Data
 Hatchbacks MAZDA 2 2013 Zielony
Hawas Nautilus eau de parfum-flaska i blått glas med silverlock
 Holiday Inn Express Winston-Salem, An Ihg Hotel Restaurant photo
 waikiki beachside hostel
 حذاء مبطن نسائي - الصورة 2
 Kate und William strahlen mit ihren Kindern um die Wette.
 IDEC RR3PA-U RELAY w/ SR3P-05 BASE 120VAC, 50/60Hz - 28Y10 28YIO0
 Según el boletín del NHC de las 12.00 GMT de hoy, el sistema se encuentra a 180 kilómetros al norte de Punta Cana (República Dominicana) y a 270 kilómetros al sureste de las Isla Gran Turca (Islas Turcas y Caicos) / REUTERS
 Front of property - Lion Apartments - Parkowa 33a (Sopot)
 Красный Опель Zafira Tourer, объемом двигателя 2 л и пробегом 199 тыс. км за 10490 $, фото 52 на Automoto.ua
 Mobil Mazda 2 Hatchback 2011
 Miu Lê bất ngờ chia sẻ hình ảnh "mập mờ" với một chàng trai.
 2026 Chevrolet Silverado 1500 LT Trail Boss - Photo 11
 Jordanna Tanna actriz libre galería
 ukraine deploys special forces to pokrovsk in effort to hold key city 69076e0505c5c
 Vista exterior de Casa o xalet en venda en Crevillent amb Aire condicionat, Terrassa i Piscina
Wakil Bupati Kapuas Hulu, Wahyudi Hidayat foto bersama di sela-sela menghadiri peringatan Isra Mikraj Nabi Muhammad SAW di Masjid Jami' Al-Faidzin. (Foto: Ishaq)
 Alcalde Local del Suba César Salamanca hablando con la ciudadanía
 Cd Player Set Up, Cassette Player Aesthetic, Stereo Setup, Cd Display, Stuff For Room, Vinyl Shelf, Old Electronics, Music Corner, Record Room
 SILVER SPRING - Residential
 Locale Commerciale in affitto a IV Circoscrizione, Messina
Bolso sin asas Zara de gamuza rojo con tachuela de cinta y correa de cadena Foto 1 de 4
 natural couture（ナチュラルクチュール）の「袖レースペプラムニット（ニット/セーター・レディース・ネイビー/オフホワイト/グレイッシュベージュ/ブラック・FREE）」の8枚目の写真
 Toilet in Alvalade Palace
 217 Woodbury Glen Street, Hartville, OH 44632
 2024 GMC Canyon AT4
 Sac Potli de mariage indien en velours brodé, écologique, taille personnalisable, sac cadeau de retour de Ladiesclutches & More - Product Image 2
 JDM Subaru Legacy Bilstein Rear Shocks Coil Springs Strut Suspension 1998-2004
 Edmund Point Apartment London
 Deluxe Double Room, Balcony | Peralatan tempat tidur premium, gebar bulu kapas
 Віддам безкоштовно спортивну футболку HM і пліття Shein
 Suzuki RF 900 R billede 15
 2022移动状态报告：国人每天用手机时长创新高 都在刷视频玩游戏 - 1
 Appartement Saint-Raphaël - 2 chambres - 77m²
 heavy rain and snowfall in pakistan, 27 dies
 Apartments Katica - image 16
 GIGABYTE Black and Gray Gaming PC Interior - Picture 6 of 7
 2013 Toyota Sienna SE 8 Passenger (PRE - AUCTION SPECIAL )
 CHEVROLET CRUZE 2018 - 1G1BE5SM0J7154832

Problem details
Would you transcribe, unchanged, every line of the material from the one containing "Jordanna Tanna actriz libre galería" to the very end, including both, and nothing else?

Problem solution
 Jordanna Tanna actriz libre galería
 ukraine deploys special forces to pokrovsk in effort to hold key city 69076e0505c5c
 Vista exterior de Casa o xalet en venda en Crevillent amb Aire condicionat, Terrassa i Piscina
Wakil Bupati Kapuas Hulu, Wahyudi Hidayat foto bersama di sela-sela menghadiri peringatan Isra Mikraj Nabi Muhammad SAW di Masjid Jami' Al-Faidzin. (Foto: Ishaq)
 Alcalde Local del Suba César Salamanca hablando con la ciudadanía
 Cd Player Set Up, Cassette Player Aesthetic, Stereo Setup, Cd Display, Stuff For Room, Vinyl Shelf, Old Electronics, Music Corner, Record Room
 SILVER SPRING - Residential
 Locale Commerciale in affitto a IV Circoscrizione, Messina
Bolso sin asas Zara de gamuza rojo con tachuela de cinta y correa de cadena Foto 1 de 4
 natural couture（ナチュラルクチュール）の「袖レースペプラムニット（ニット/セーター・レディース・ネイビー/オフホワイト/グレイッシュベージュ/ブラック・FREE）」の8枚目の写真
 Toilet in Alvalade Palace
 217 Woodbury Glen Street, Hartville, OH 44632
 2024 GMC Canyon AT4
 Sac Potli de mariage indien en velours brodé, écologique, taille personnalisable, sac cadeau de retour de Ladiesclutches & More - Product Image 2
 JDM Subaru Legacy Bilstein Rear Shocks Coil Springs Strut Suspension 1998-2004
 Edmund Point Apartment London
 Deluxe Double Room, Balcony | Peralatan tempat tidur premium, gebar bulu kapas
 Віддам безкоштовно спортивну футболку HM і пліття Shein
 Suzuki RF 900 R billede 15
 2022移动状态报告：国人每天用手机时长创新高 都在刷视频玩游戏 - 1
 Appartement Saint-Raphaël - 2 chambres - 77m²
 heavy rain and snowfall in pakistan, 27 dies
 Apartments Katica - image 16
 GIGABYTE Black and Gray Gaming PC Interior - Picture 6 of 7
 2013 Toyota Sienna SE 8 Passenger (PRE - AUCTION SPECIAL )
 CHEVROLET CRUZE 2018 - 1G1BE5SM0J7154832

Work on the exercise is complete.